## [ENTRIES PROVIDED]
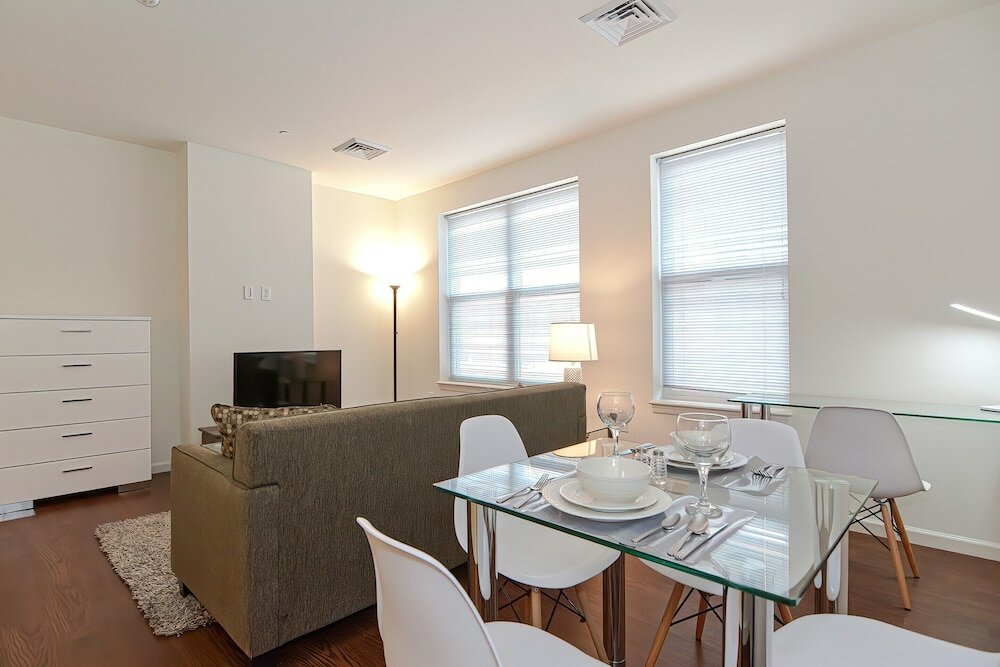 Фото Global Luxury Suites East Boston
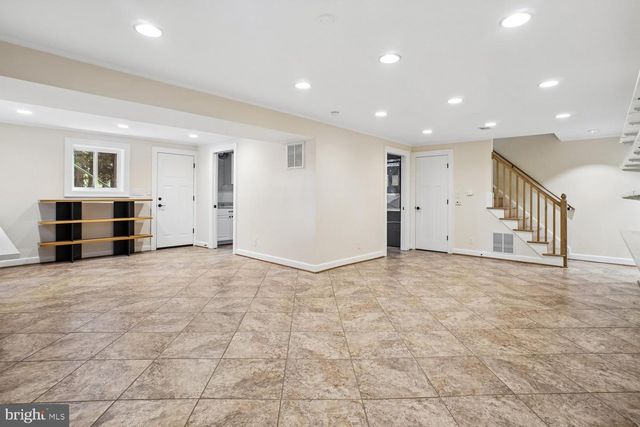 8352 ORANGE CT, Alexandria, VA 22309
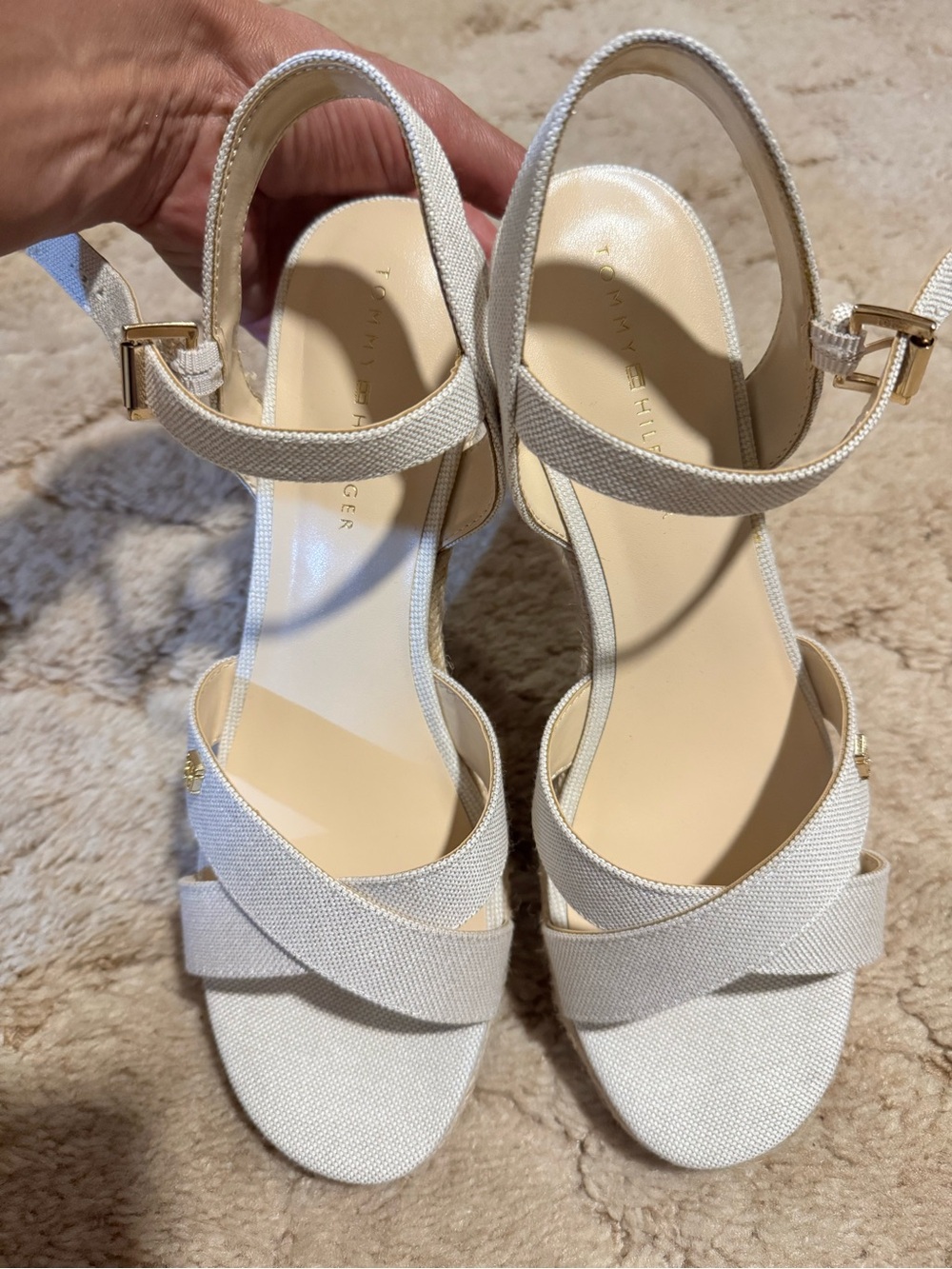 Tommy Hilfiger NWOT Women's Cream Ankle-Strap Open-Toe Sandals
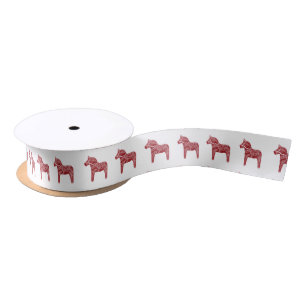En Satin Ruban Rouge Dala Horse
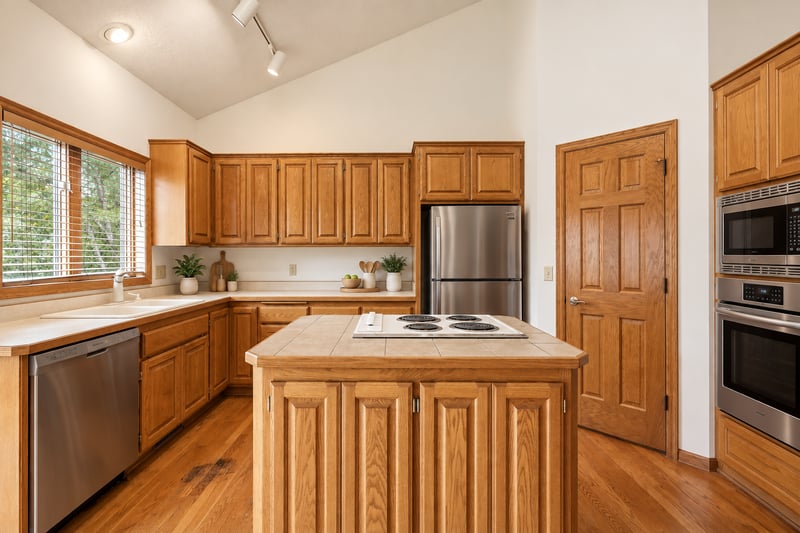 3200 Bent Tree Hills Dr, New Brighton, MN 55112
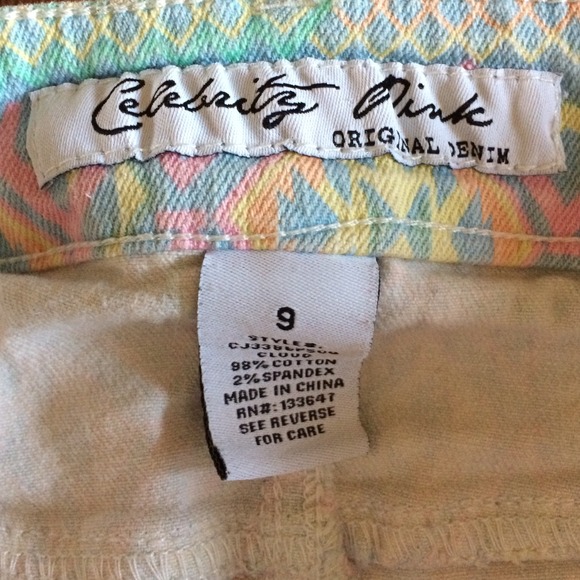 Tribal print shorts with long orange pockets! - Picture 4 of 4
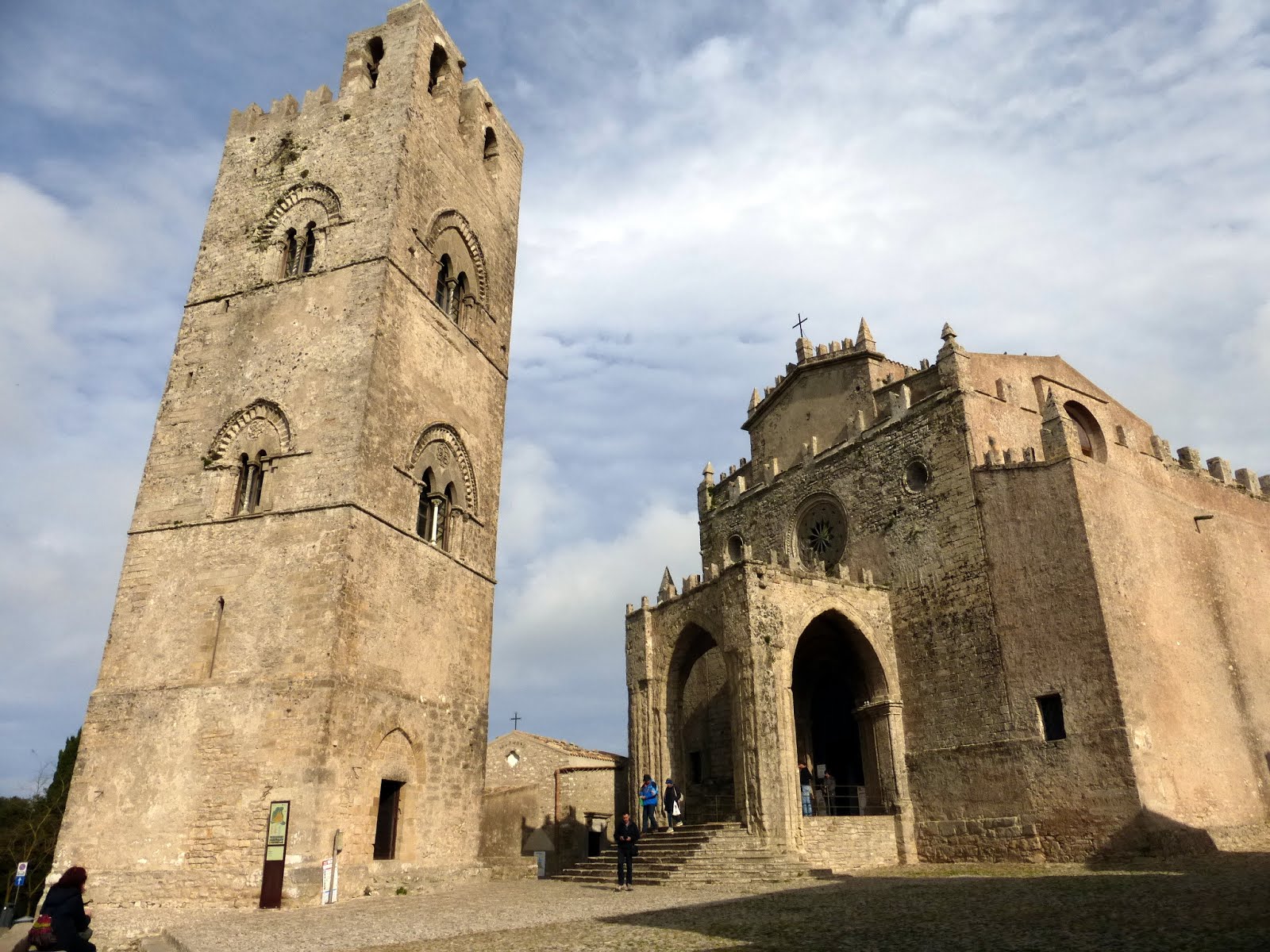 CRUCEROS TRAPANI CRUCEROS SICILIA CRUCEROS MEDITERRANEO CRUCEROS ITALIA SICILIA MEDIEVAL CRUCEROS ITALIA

==

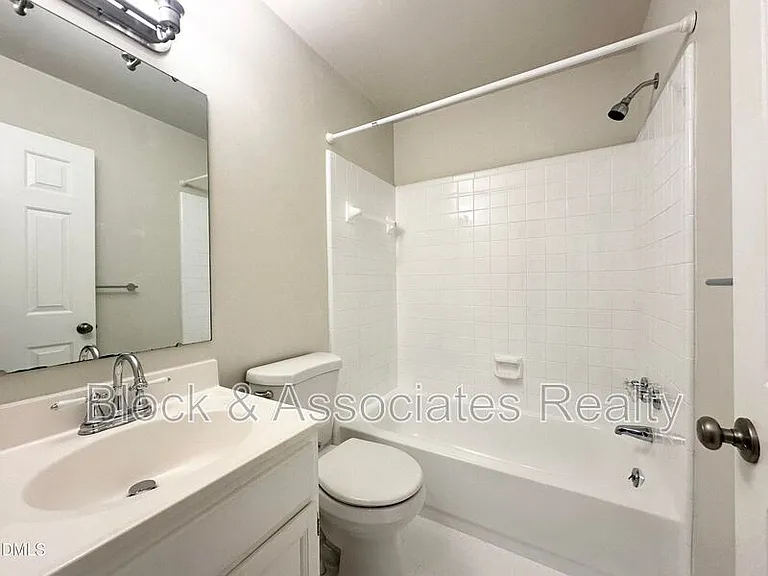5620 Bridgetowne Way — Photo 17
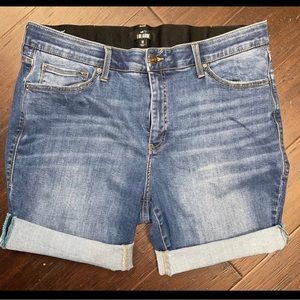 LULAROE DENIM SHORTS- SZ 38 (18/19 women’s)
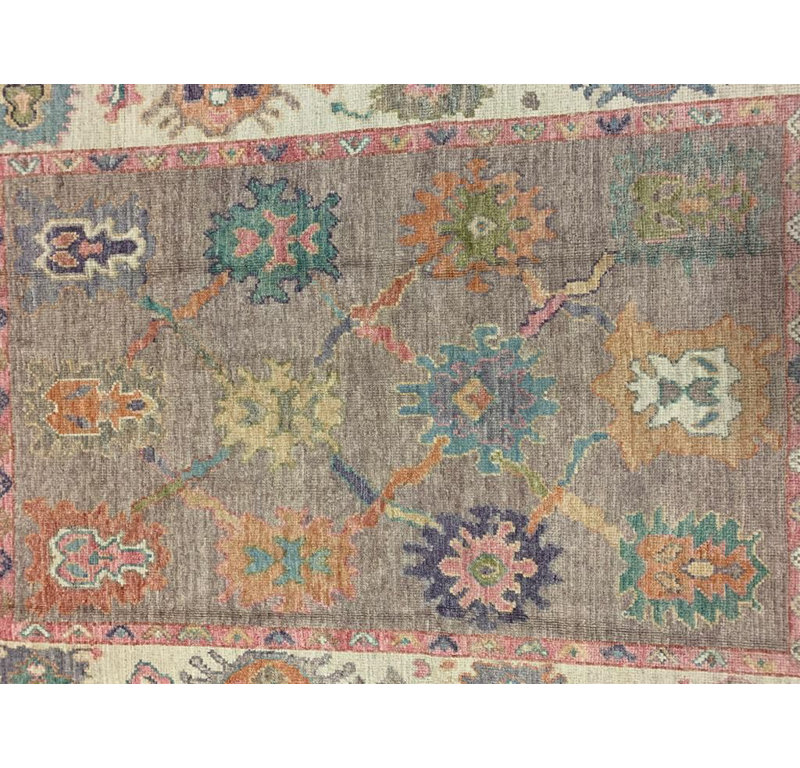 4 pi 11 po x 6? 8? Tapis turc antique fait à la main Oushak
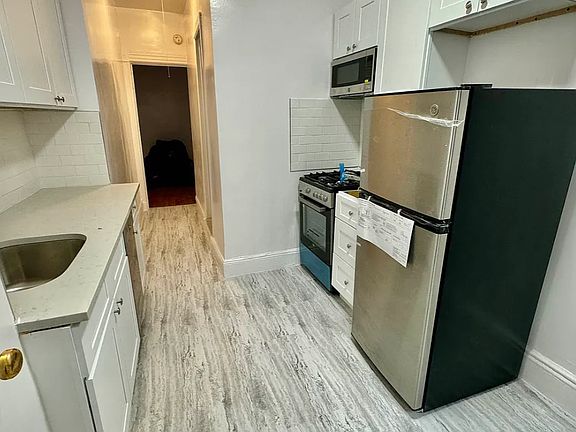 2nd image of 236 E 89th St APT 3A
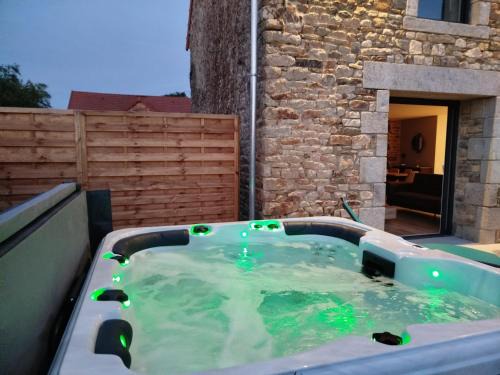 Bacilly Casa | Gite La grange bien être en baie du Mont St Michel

--

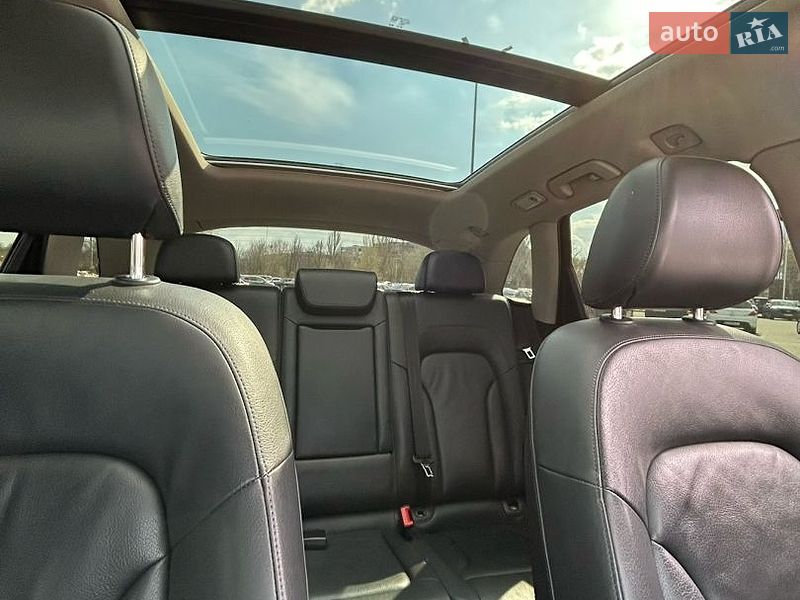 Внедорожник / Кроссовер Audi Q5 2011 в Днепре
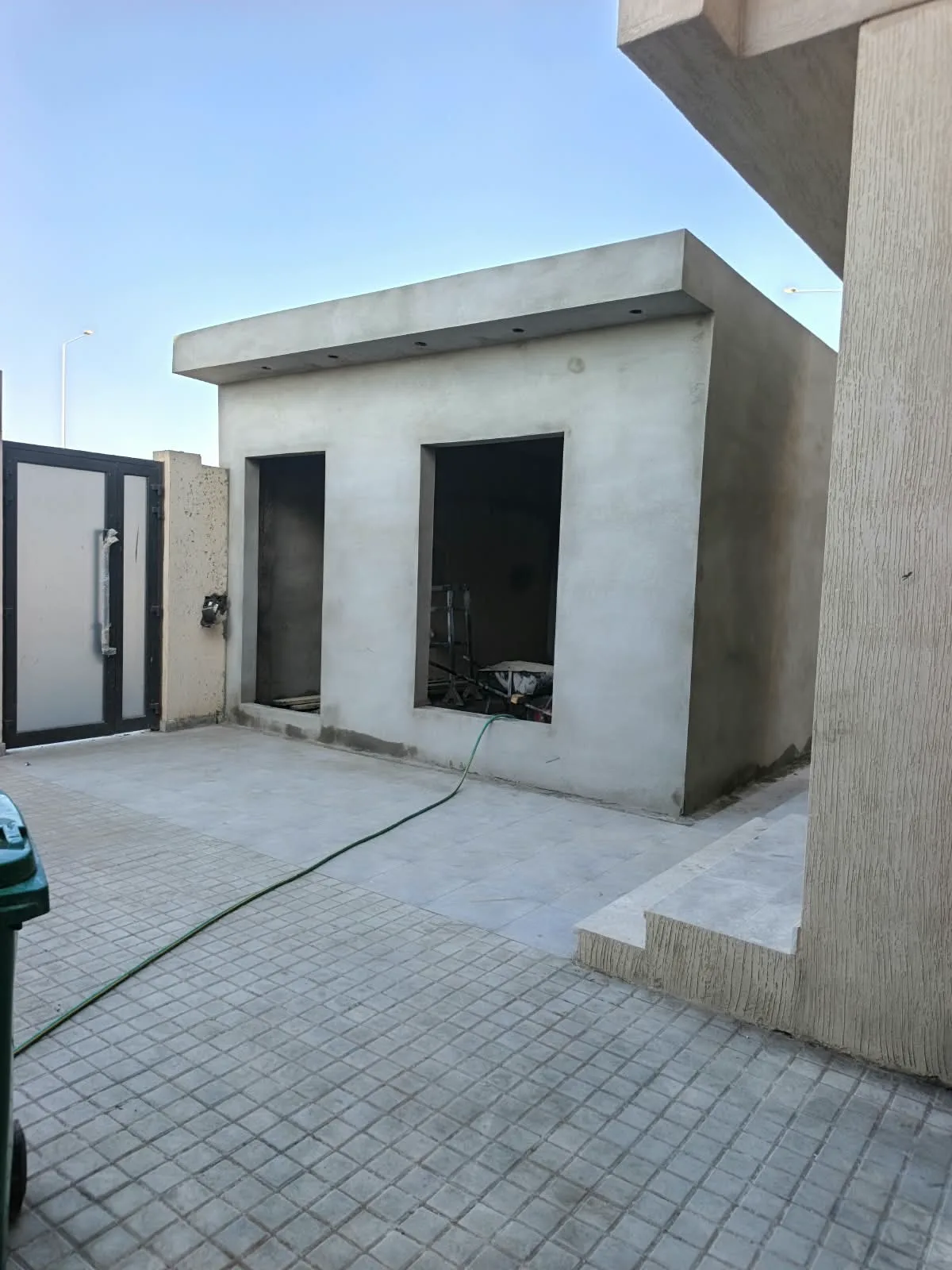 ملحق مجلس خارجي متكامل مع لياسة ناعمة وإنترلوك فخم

## [ABOUT THIS EXERCISE]
Each line above that falls between the line with "LULAROE DENIM SHORTS- SZ 38 (18/19 women’s)" and the line with "Bacilly Casa |" should be printed exactly, together with those two lines, but the pictures should not.

## [SOLUTION BELOW]
 LULAROE DENIM SHORTS- SZ 38 (18/19 women’s)
 4 pi 11 po x 6? 8? Tapis turc antique fait à la main Oushak
 2nd image of 236 E 89th St APT 3A
 Bacilly Casa | Gite La grange bien être en baie du Mont St Michel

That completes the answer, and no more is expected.